- [WHAT IS NEEDED]: Reproduce only what runs from the line containing "22/20 Ball Avenue, Eastwood" to the line containing "Cover of Creative" in the records below, inclusive. Keep it exact, and keep the pictures out.

- [SUPPLIED INFORMATION]:
******************************

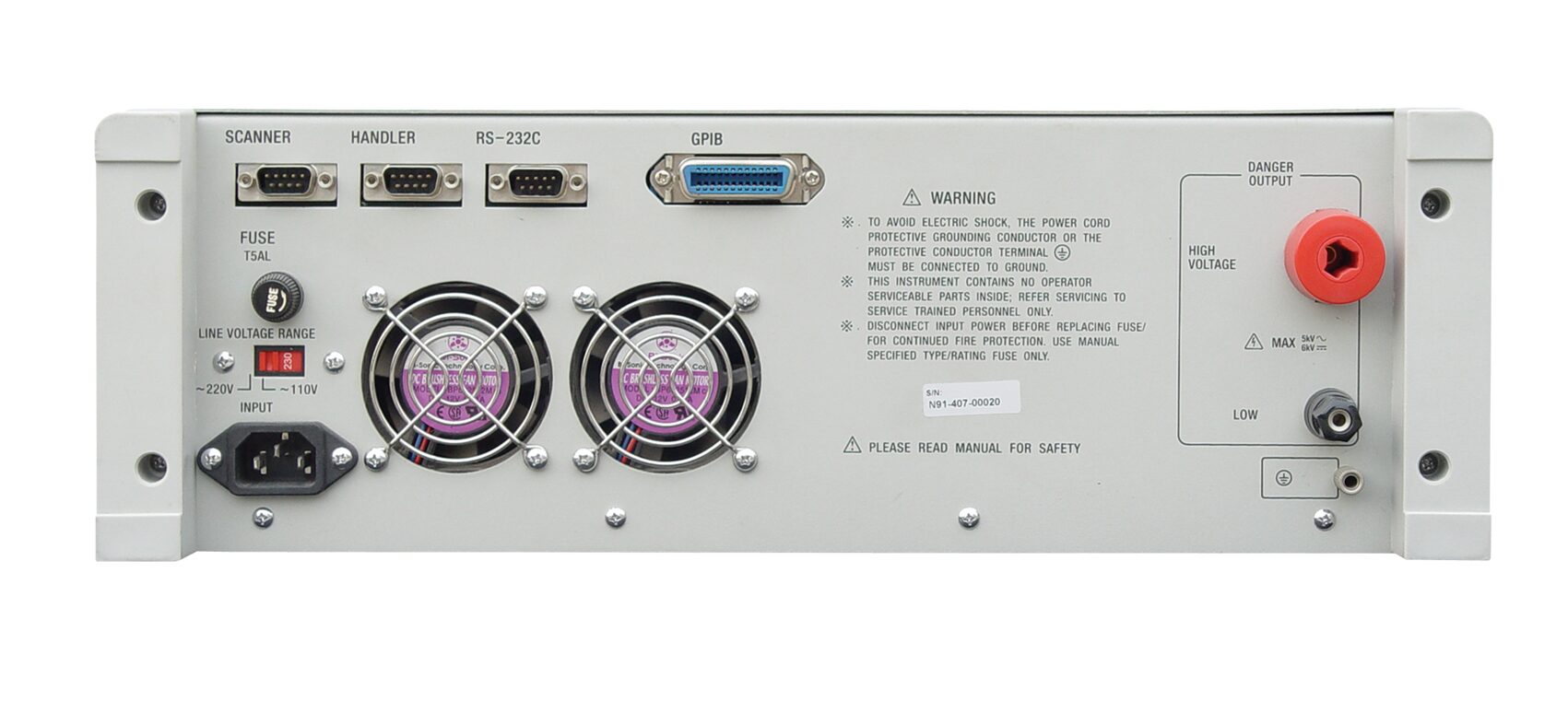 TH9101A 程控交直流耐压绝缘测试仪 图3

******************************

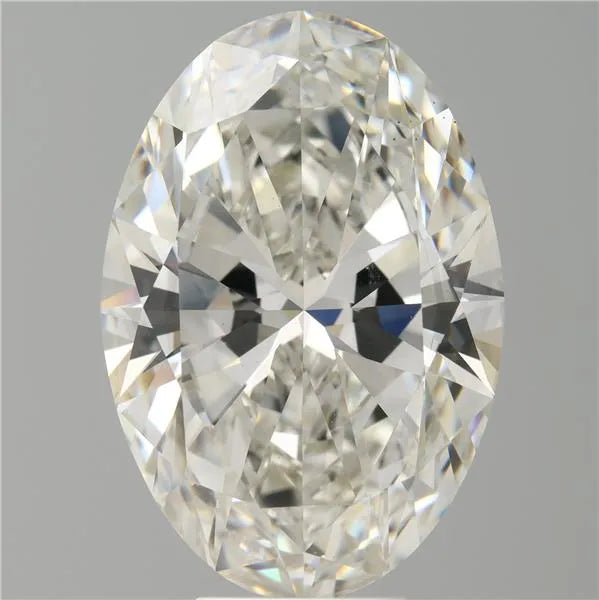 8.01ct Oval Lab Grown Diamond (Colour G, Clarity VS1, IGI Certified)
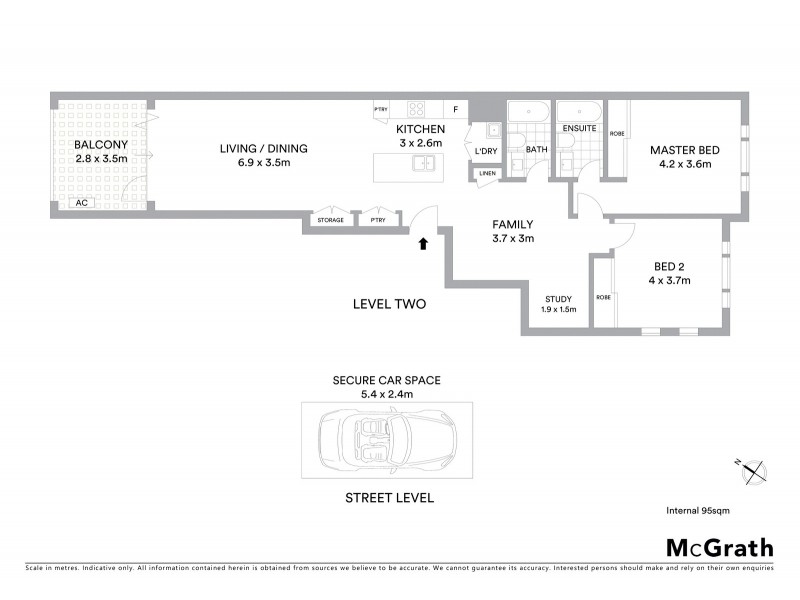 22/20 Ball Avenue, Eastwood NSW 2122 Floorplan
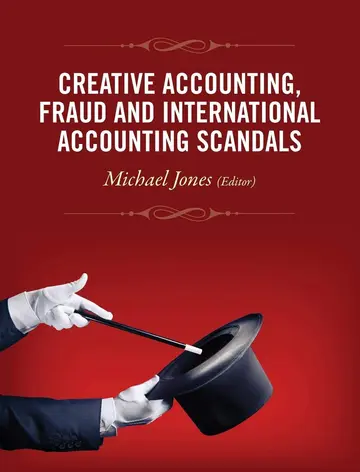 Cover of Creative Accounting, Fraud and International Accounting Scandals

******************************

- [SOLVED EXERCISE]:
 22/20 Ball Avenue, Eastwood NSW 2122 Floorplan
 Cover of Creative Accounting, Fraud and International Accounting Scandals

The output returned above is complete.